An industrial chopping effect opens the song “The Casket You Sleep In” and once the music kicks in they are off to la-la land with down-syndrome inducing sweeps and blasts galore. The constant pounding double bass drums at the end are accompanied by a riff with a fantastic sounding sweep that closes out the song. The next track “Black Tide” continues with the sweeps against humanity and has a sick little part around a minute and a half where a sweeping arpeggio sounds as if it’s climbing a ladder yet stumbling trying to reach the top. Its moments like this where a technical death metal album amazes me. Though with guitar noodling abound, sometimes I wish their songs didn’t blur together.

“Drill Baby Drill” is a forty three second instrumental that sounds exactly like the closing of the first song with a sample of some government speech. The EP could have done without this track because their really is no point in having a filler forty three second instrumental track that sounds like the closing of a song before.

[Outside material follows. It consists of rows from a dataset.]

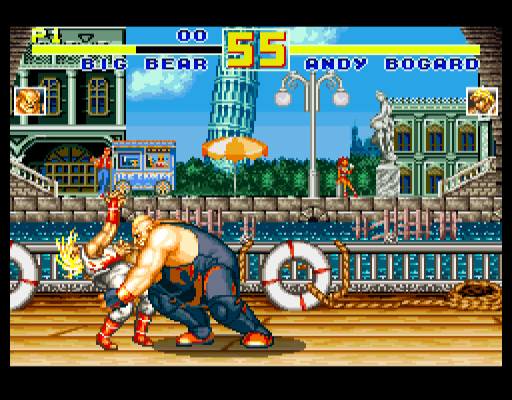 Fatal Fury Special — ss (WOR)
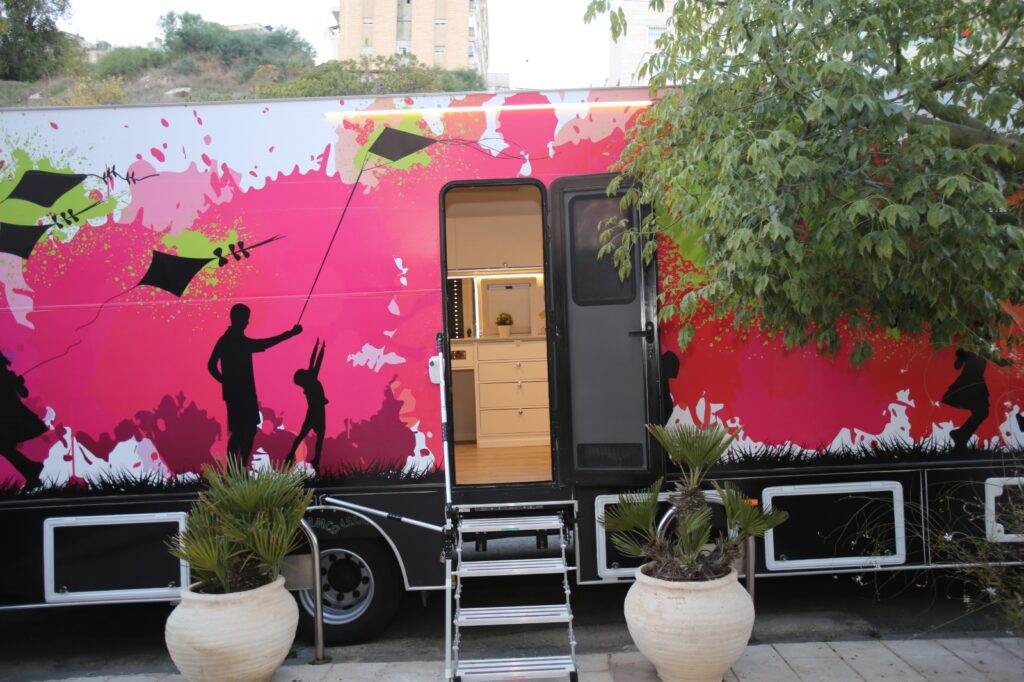 mobile clinic 1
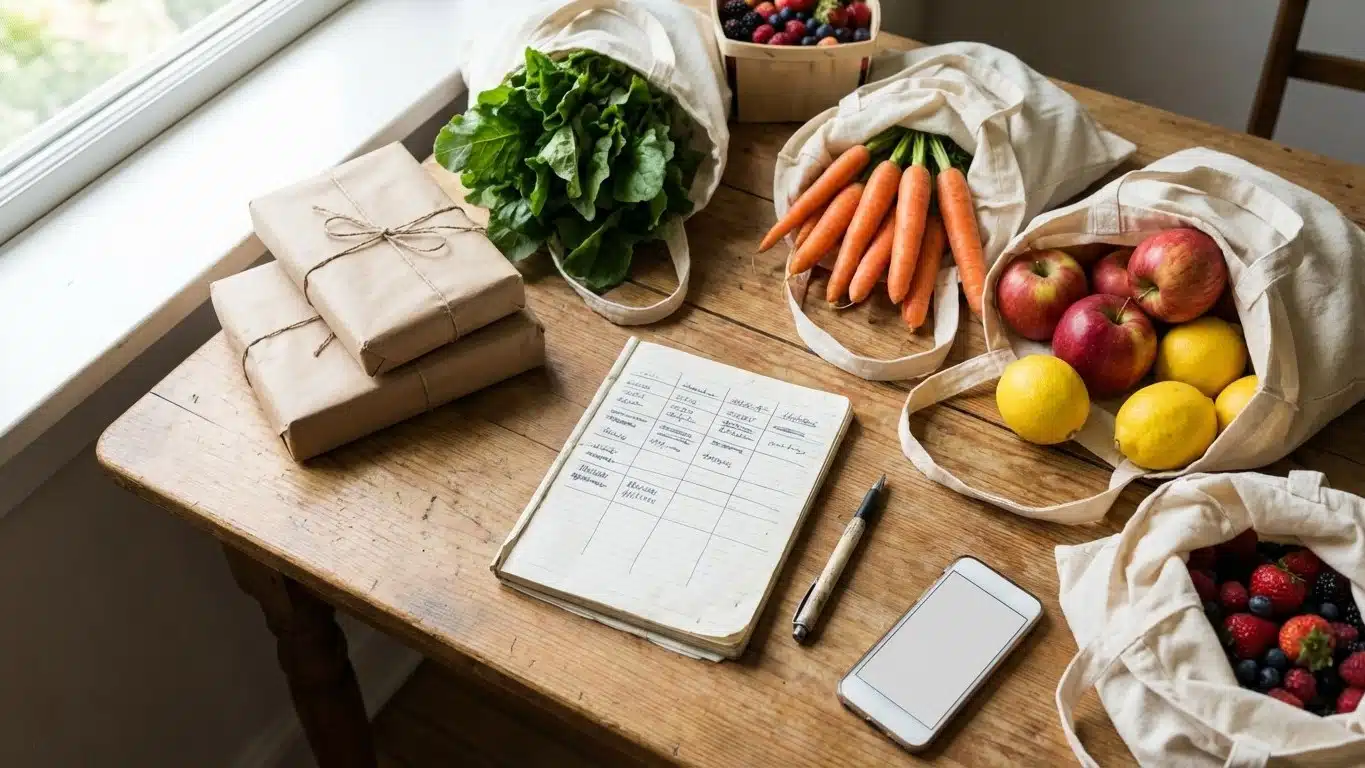 Astuces anti-gaspillage alimentaire : 25 r&eacute;flexes &agrave; adopter au quotidien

The second last track “Designed to Strangle” continues on with the same pattern as the first two tracks. Yet it goes for a more streamlined technical death metal approach and actually contains a lot of sick head bobbing riffs that come in around the one minute mark. The breakdown half way through the song is also meaty and undeniably heavy, but it only lasts for a few seconds. The last track “Anomic” is a nice little ditty that sounds exactly like the any other Beneath The Massacre tune until the industrial effect from the album opener comes in and is played over a sweet breakdown that eventually draws the EP to a close.

Marée Noire is a good EP from a good band but Beneath The Massacre is just playing the same thing over and over again without branching into new concepts and different ideas. Sometimes it’s okay to keep the same thing but when all of your albums sound exactly the same, one would tend to think its time to try something new.